# Problem details
Return each record word for word, keeping none of its pictures.
=== Begin Enclosure ===
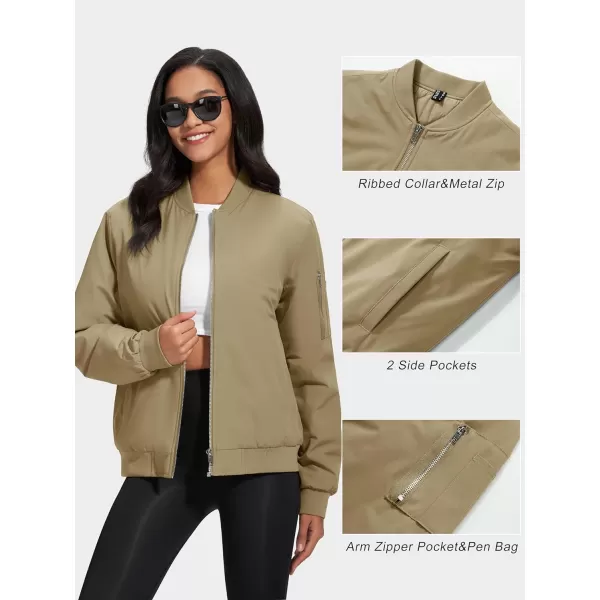 MAGCOMSEN Women's Winter Bomber Jacket Casual Basic Zip Up Padded Coats Water Resistant Long Sleeve Outwear with Pockets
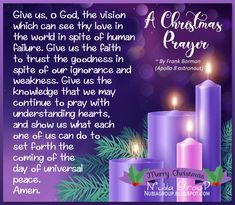 a christmas prayer with candles and holly wreaths on purple background, surrounded by evergreen leaves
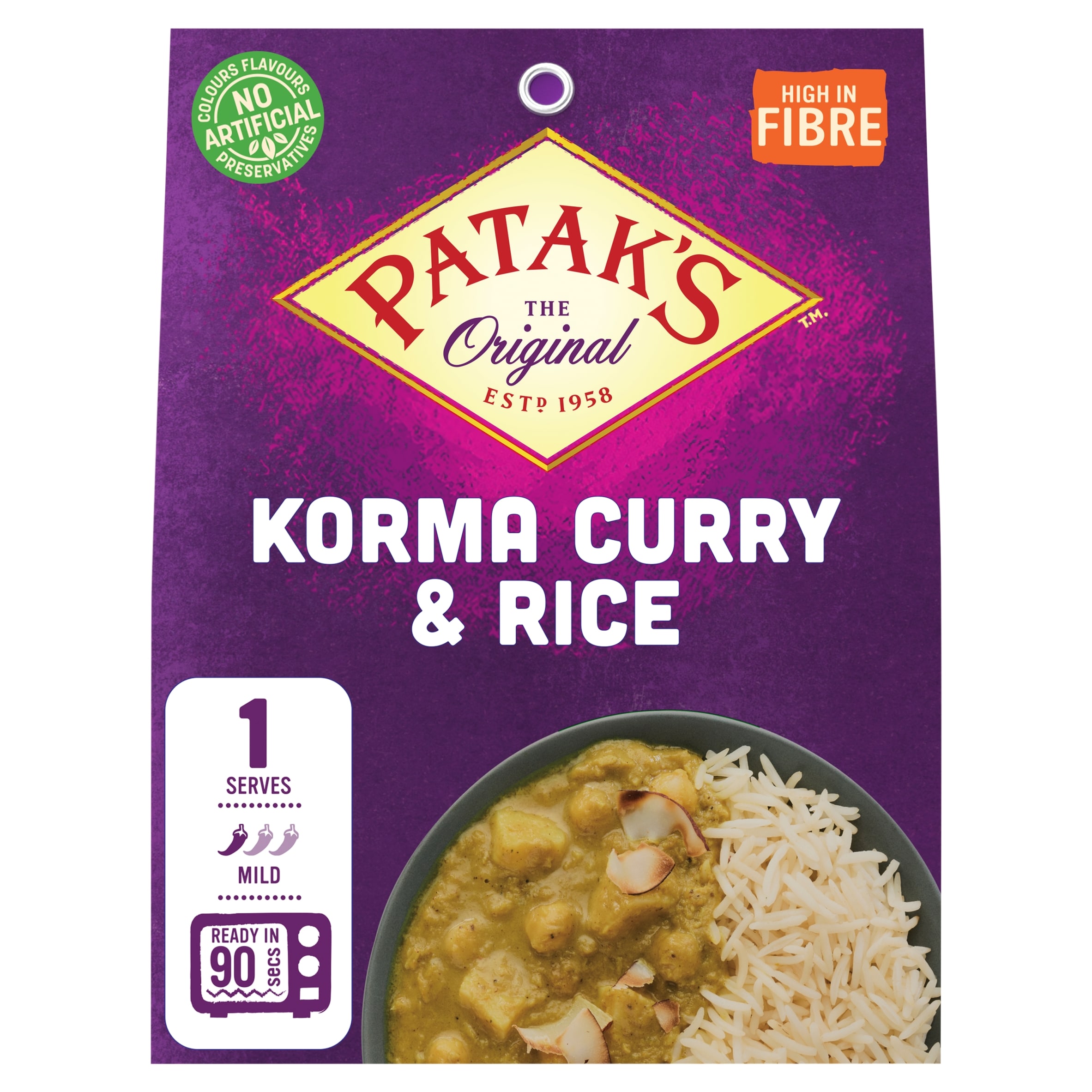Patak's Korma Curry & Rice Ready Meal Kit 250g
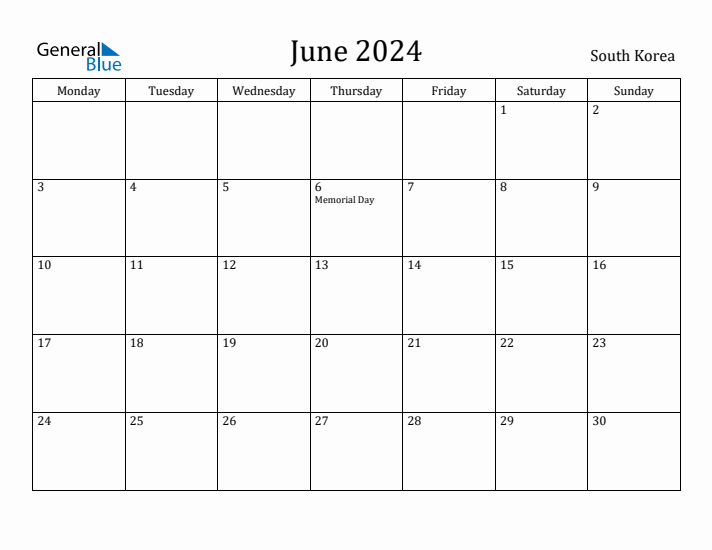 June 2024 Calendar South Korea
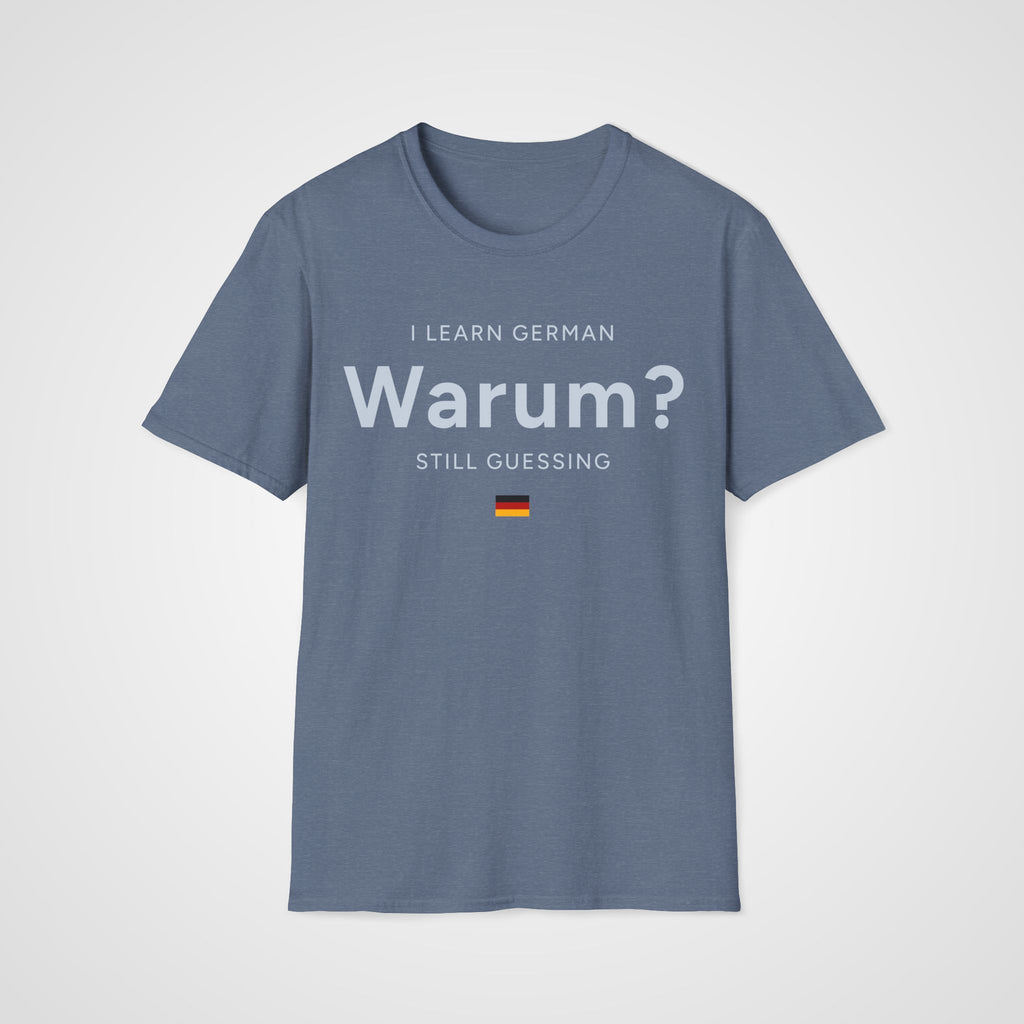 Warum German? T-Shirt in Heather Indigo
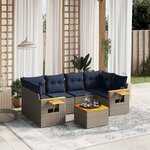 vidaXL Salon de jardin 7 Pièces avec coussins gris résine tressée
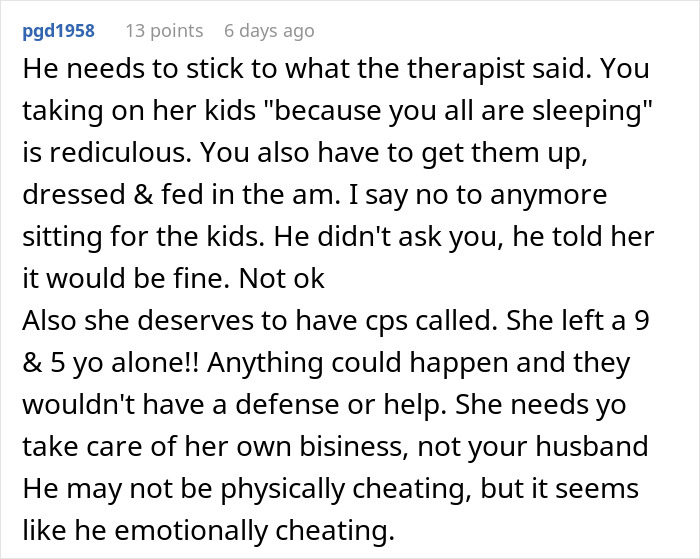 Comment discussing suspicion about nannying coworker&rsquo;s children and concerns over emotional cheating and child safety.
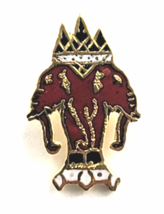 Airavata Erawan Three Headed Elephant Crown Gold Tone Red Enamel Pin Tie... - $14.99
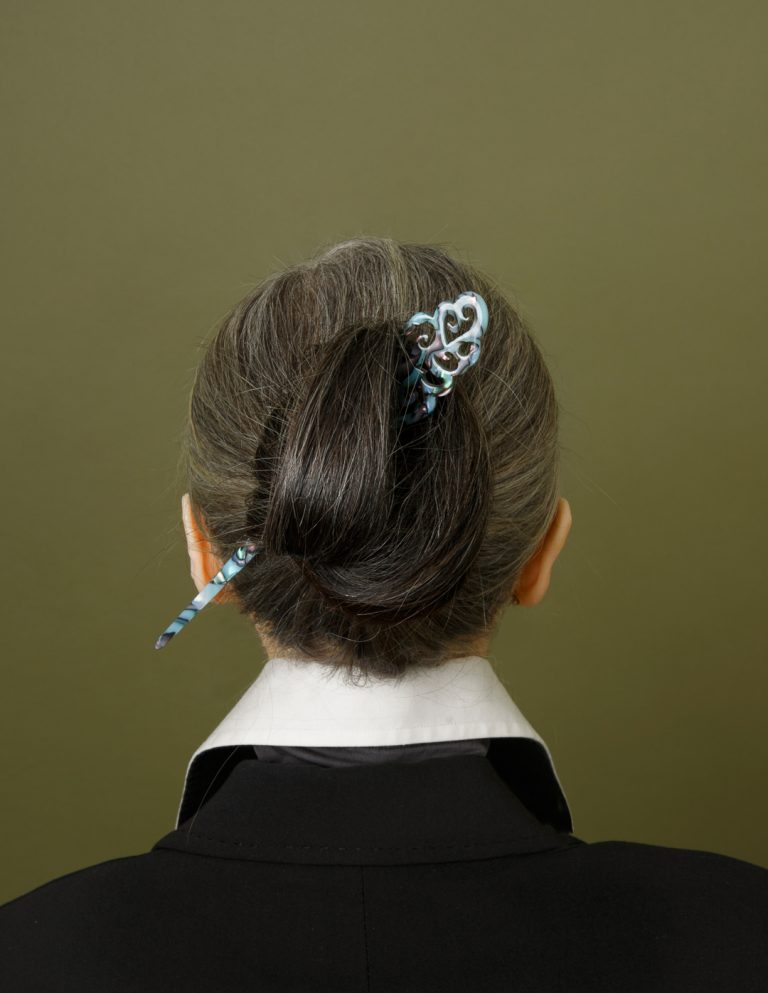 A model wearing Tegen Accessories hair clip, a Brighton based hair accessories brand.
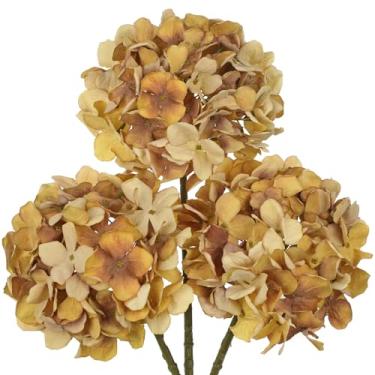 Imagem de Oairse Flores artificiais de hortênsia marrom, 49,8 cm, secas, texturizadas, flores de hortênsia com hastes, 3 peças, buquê de flores falsas, flores artificiais, volume para mesa, casamento, decoração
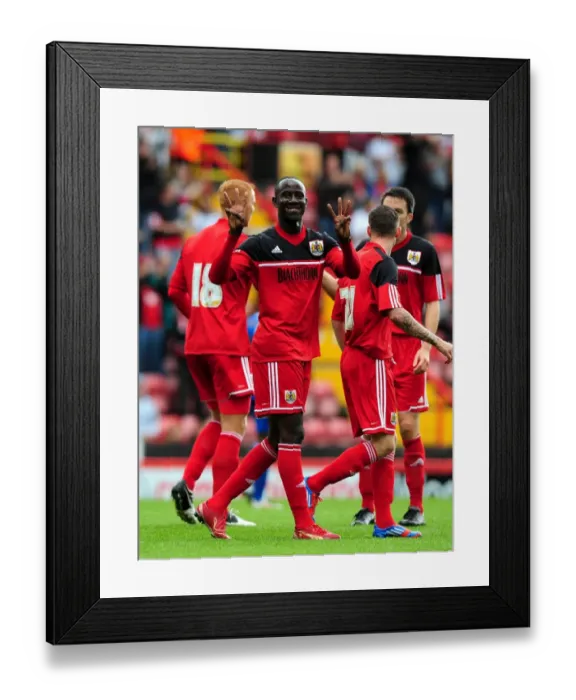 Framed Print : Adomah's Thriller: Celebrating at Ashton Gate during Louis Carey's Testimonial (August 4, 2012)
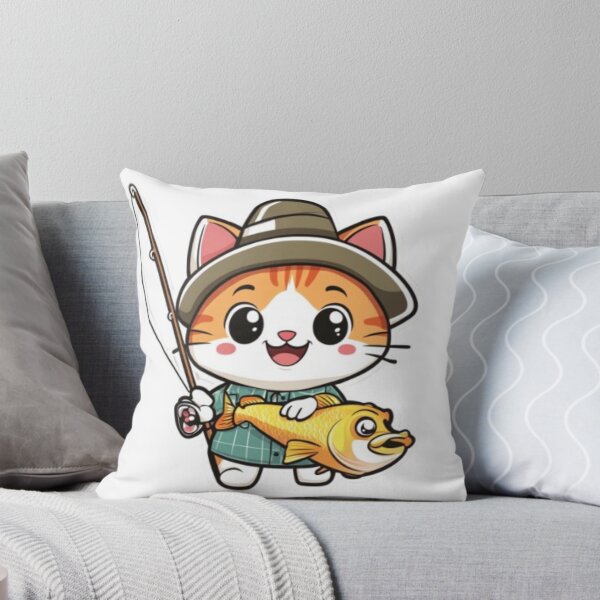 Item preview, "Happy Fisher Cat with Catch" designed and sold by NoFishToday.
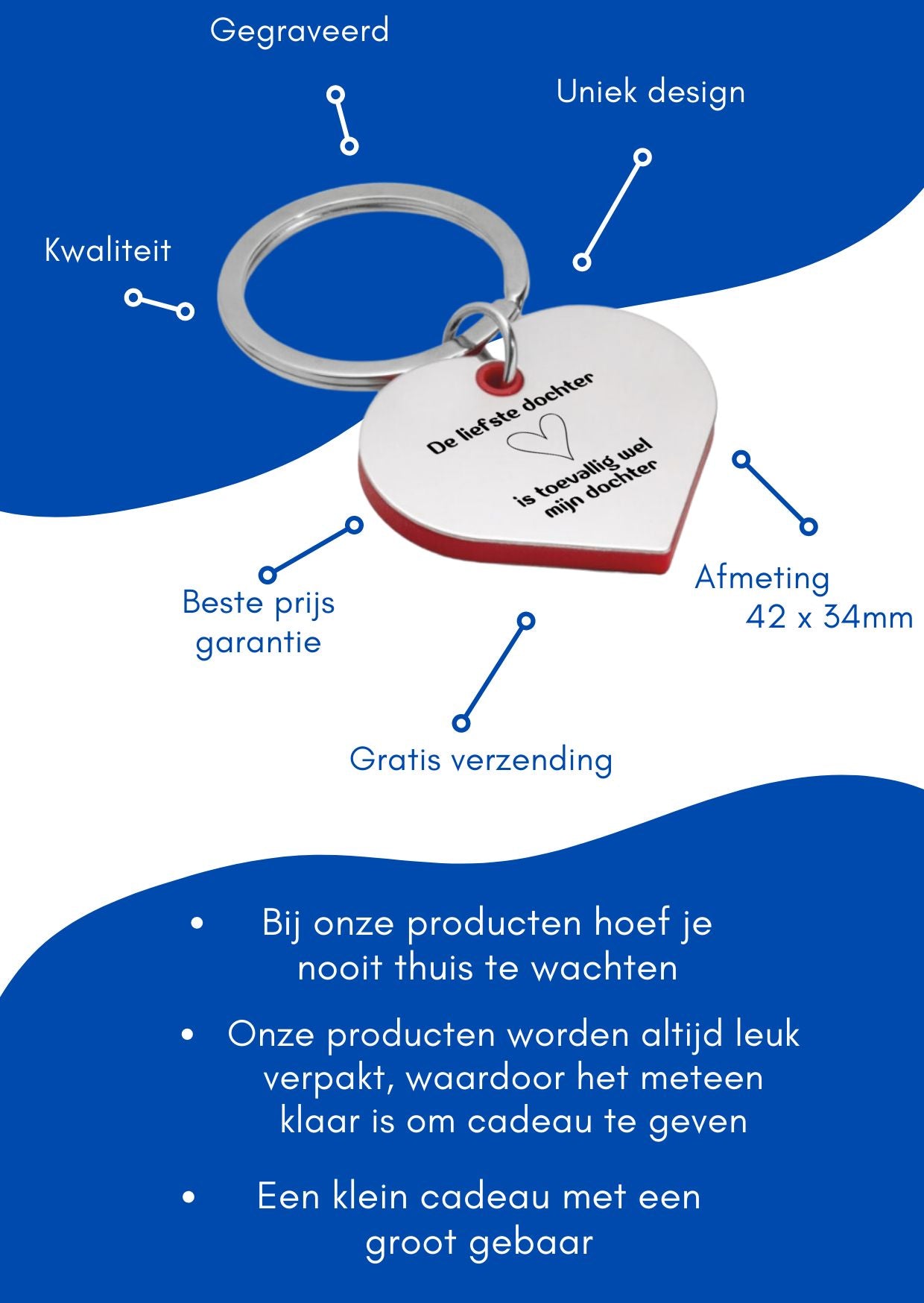 de liefste dochter is toevallig wel mijn dochter sleutelhanger hartvorm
=== End Enclosure ===
# Result
 MAGCOMSEN Women's Winter Bomber Jacket Casual Basic Zip Up Padded Coats Water Resistant Long Sleeve Outwear with Pockets
 a christmas prayer with candles and holly wreaths on purple background, surrounded by evergreen leaves
Patak's Korma Curry & Rice Ready Meal Kit 250g
 June 2024 Calendar South Korea
 Warum German? T-Shirt in Heather Indigo
 vidaXL Salon de jardin 7 Pièces avec coussins gris résine tressée
 Comment discussing suspicion about nannying coworker&rsquo;s children and concerns over emotional cheating and child safety.
 Airavata Erawan Three Headed Elephant Crown Gold Tone Red Enamel Pin Tie... - $14.99
 A model wearing Tegen Accessories hair clip, a Brighton based hair accessories brand.
 Imagem de Oairse Flores artificiais de hortênsia marrom, 49,8 cm, secas, texturizadas, flores de hortênsia com hastes, 3 peças, buquê de flores falsas, flores artificiais, volume para mesa, casamento, decoração
 Framed Print : Adomah's Thriller: Celebrating at Ashton Gate during Louis Carey's Testimonial (August 4, 2012)
 Item preview, "Happy Fisher Cat with Catch" designed and sold by NoFishToday.
 de liefste dochter is toevallig wel mijn dochter sleutelhanger hartvorm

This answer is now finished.